Steelmanning means you can take down an especially strong argument, leaving the one you’re actually addressing in pieces beneath it. It means no one can run away from the argument with the excuse that you didn’t take them seriously or address them properly.

Using words carefully calls people to task in a way they understand. It forces people to examine their beliefs because they’re being spoken in a way that makes sense to them. It doesn’t allow people to ignore new ideas because they don’t know how to think of themselves as a bad person. It doesn’t give anyone an easy excuse to tune out truth that’s hard to hear.
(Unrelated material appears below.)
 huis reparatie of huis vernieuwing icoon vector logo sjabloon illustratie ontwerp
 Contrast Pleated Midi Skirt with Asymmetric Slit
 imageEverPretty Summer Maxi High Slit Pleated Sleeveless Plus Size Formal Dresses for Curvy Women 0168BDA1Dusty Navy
Acknowledging counterarguments makes sure that no one can assume you don’t have an answer. It shows that your side can respond to whatever is thrown at it. It shows that you know exactly what your opponents are up to, and that if it was good you’d reconsider, but it’s not, so you won’t. It makes you far more able to claim your position strongly and without excuse. (That’s what skepticism is, after all: knowing what would convince you otherwise and knowing it’s not out there.)

It goes on and on. To change the world, we’ve got to change some minds. The most effective way to change minds, then, is going to be one of the most effective forms of activism. That’s why judicious and thoughtful and good argumentation is so important and powerful.
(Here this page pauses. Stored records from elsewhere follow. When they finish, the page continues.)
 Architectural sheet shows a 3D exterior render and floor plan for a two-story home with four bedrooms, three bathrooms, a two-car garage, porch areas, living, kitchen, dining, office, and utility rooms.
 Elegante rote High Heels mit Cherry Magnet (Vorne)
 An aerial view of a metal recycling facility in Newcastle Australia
I do not think this approach is always the right one. I think it is right for a set of contexts, and not others. I think it has its limitations, which I plan to discuss in an upcoming post. But I do think that this approach has an unfair reputation for “being too nice” and all that goes along with it, which I want to correct simply as follows:

It is not weak to think carefully about how to do activism effectively; it is not self-censorship to be concerned with arguing more convincingly. It is exactly the kind of unrelenting, agitating, subversive practice that gets us what we want.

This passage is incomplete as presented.